Je ne parle pas de la nature mais de ce que de longs efforts
humains ont fait d’elle. La nature naturelle, est brouillonne, anarchique et
pour tout dire assez hostile à l’homme. Ses forêts pullulent de loups, d’ours, de
sangliers, de cerfs, de chevreuils et de
sales bêtes de toutes sortes qui s’y entrebouffent quand elles ne s’attaquent
pas à l’élevage et aux cultures que les hommes ont la légèreté de pratiquer
dans leur voisinage. Quand le sol n’est pas propice à la futaie, s’y
développent landes ou maquis. L’homme,
égoïstement, a déchiffré les forêts, exterminé les carnivores et toute bête
jugée nuisible, transformé les espaces arides en vignobles ou prairies, bref, a
rendu vivables et utiles des lieux qui ne l’étaient pas et cela pour son seul
profit.

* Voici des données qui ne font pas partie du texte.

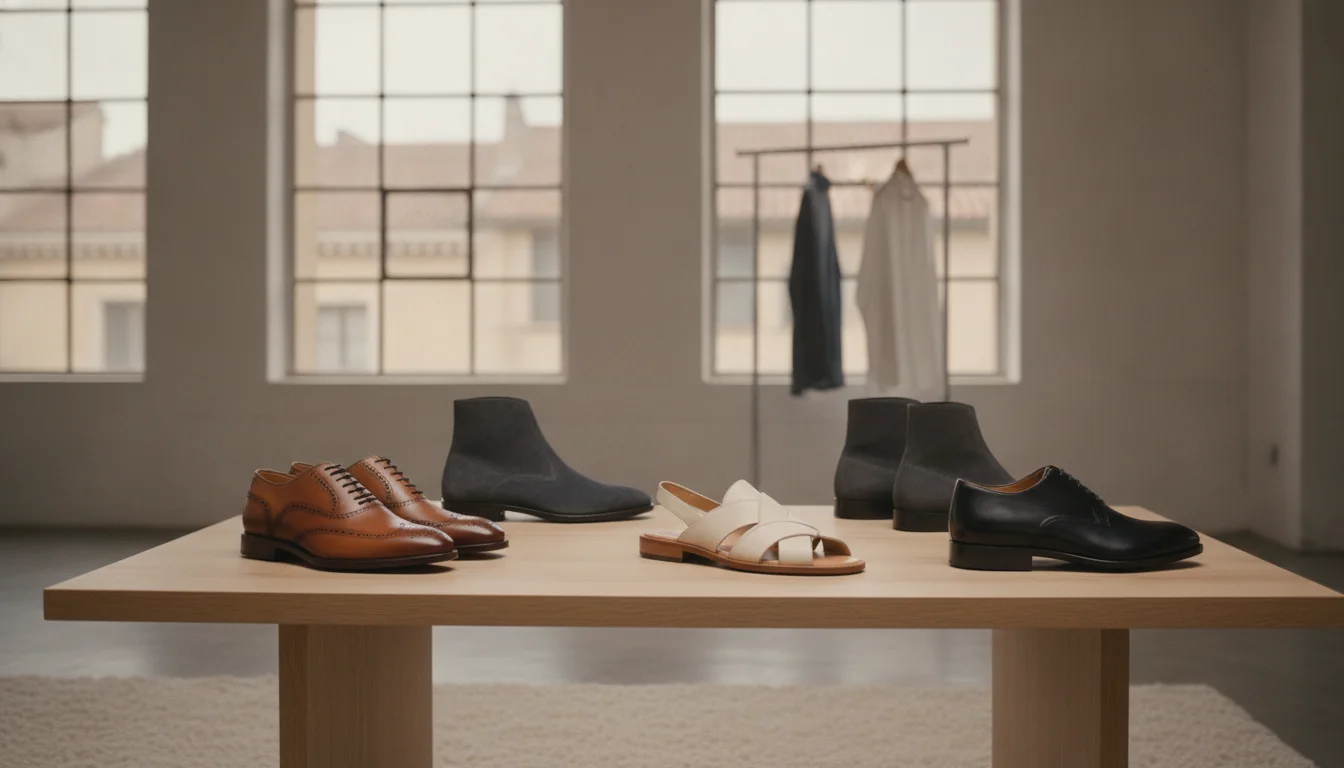 Un responsable de magasin consultant l'analyse du stock de chaussures en gros sur une tablette avec des boîtes bien rangées. (composition différente)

C’est assez naturel : toute espèce tend à assurer sa subsistance
et cela forcément au détriment de ses concurrents, de ceux qui peuvent lui
nuire d’une quelconque manière ou de ce qui peut la nourrir. En veut-on à la
vache pour le sort qu’elle réserve à l’herbe ?
Je vis, selon certains, en pleine nature. A part que rien n’y
est naturel, je l’ai déjà dit. Bien sûr, on y voit plus de geais, de pies, de
corbeaux, de buses qu’au cœur de Paris. La verdure n’y manque pas, surtout
quand le printemps fait se couvrir de feuilles les arbres des talus. Cependant,
les prairies sont ensemencées, on y met de l’engrais, les talus ne se sont pas
montés tout seuls et les arbres n’y croissent que parce qu’on les y a plantés
(quoique le geai des chênes et d’autres oiseaux participent à leur
dissémination mais de manière
irrationnelle autant qu’involontaire).
Un mien voisin, plus par négligence que par écologisme,
laisse le terrain derrière sa maison en
friche. Nous avons acquis nos terrains en même temps. Du côté de ma clôture, l’herbe
est régulièrement tondue. Du sien la « nature » reprend ses
droits. En six ans y sont apparus divers
arbres (saules, lauriers-fleurs, noyer) arbustes (ajoncs, genêts) fougères et
autres ronces. Ma préférence va d’autant
moins vers son approche que ses ronciers ont tendance à m’envahir. A mon sens, cette « nature »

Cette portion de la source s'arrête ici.